» **DATA TO EXAMINE**:
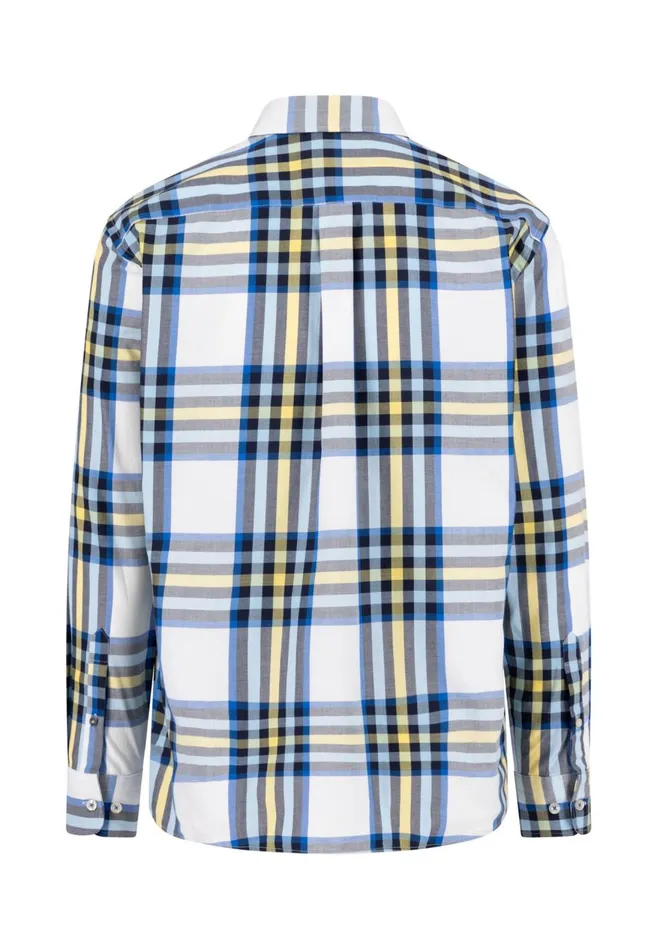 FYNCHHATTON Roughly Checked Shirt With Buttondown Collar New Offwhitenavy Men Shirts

...

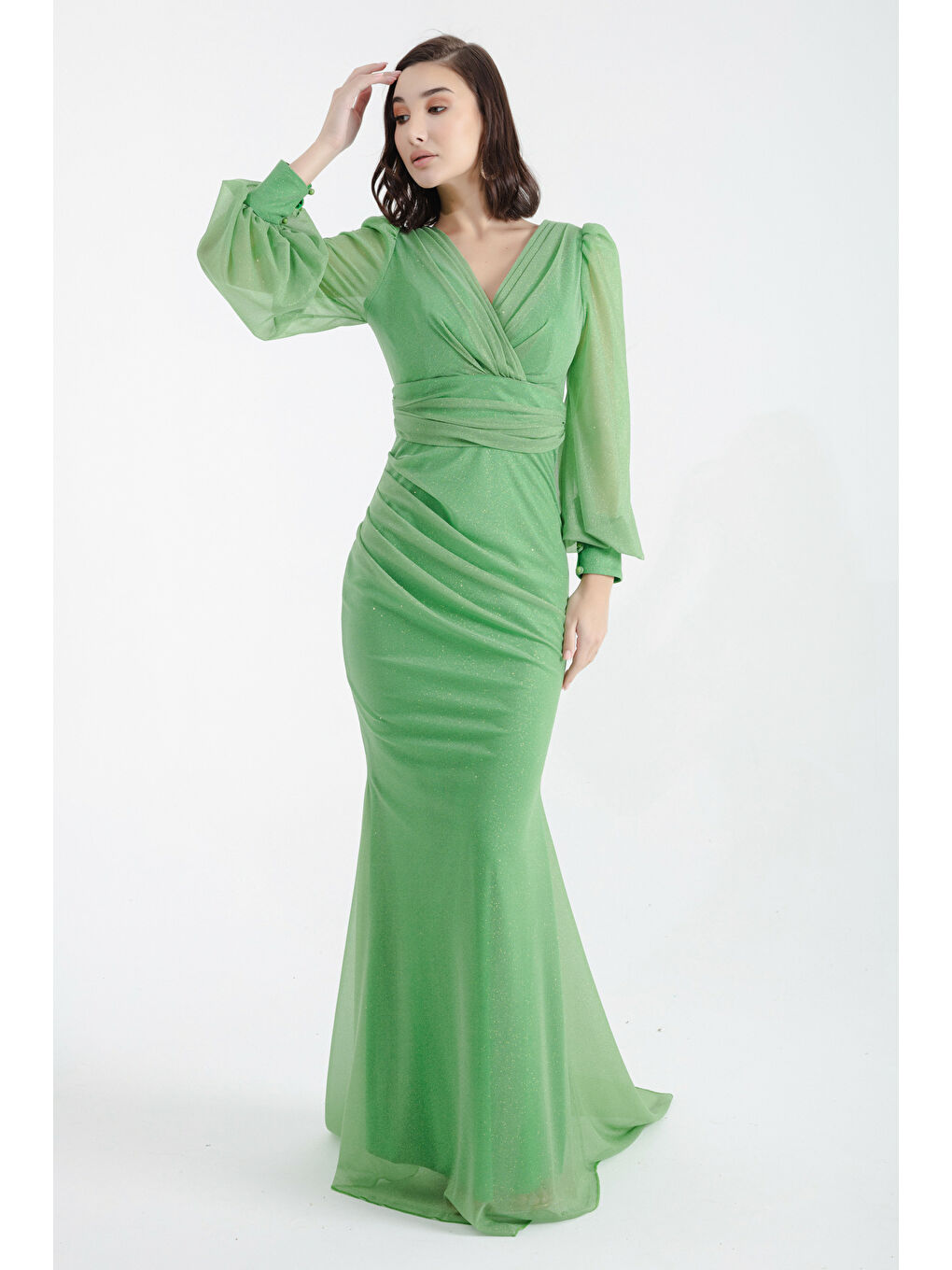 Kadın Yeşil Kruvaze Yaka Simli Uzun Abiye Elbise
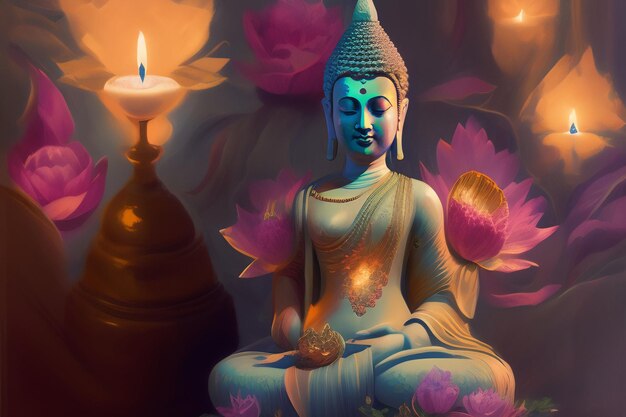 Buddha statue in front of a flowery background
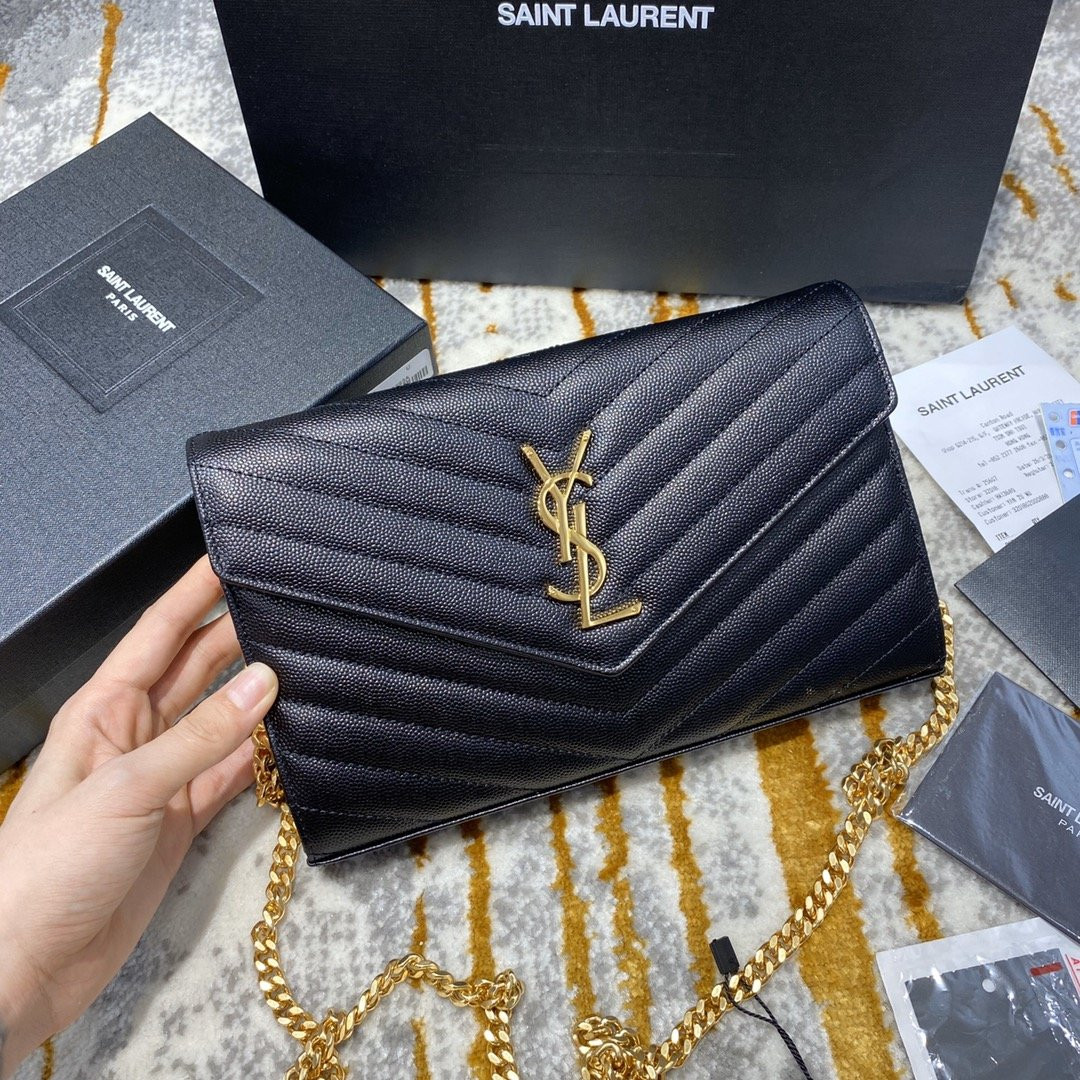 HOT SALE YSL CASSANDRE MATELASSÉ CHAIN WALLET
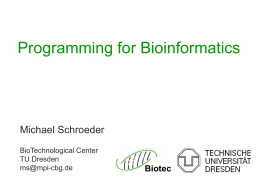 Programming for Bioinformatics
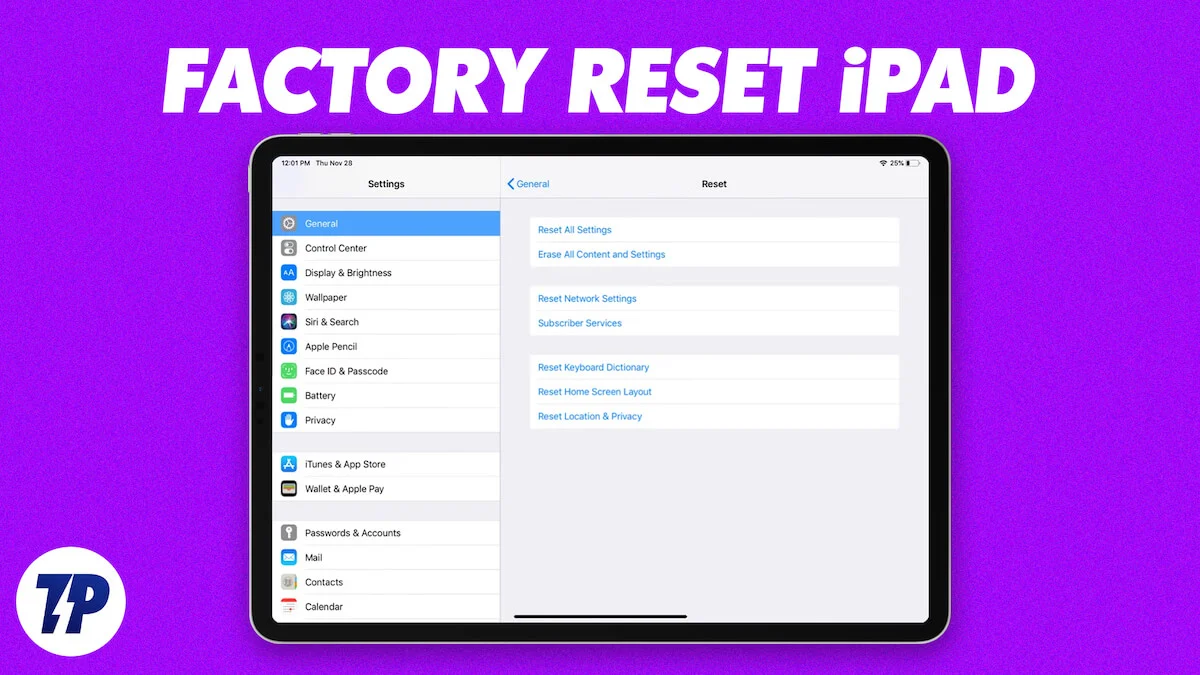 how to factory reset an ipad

» **TRY IT**: In the data above, find the line containing "Buddha statue in" and the line containing "how to factory reset an ipad". Copy exactly the stretch from the first through the second, both included, leaving out any picture.

» **RESULT BELOW**:
 Buddha statue in front of a flowery background
 HOT SALE YSL CASSANDRE MATELASSÉ CHAIN WALLET
 Programming for Bioinformatics
 how to factory reset an ipad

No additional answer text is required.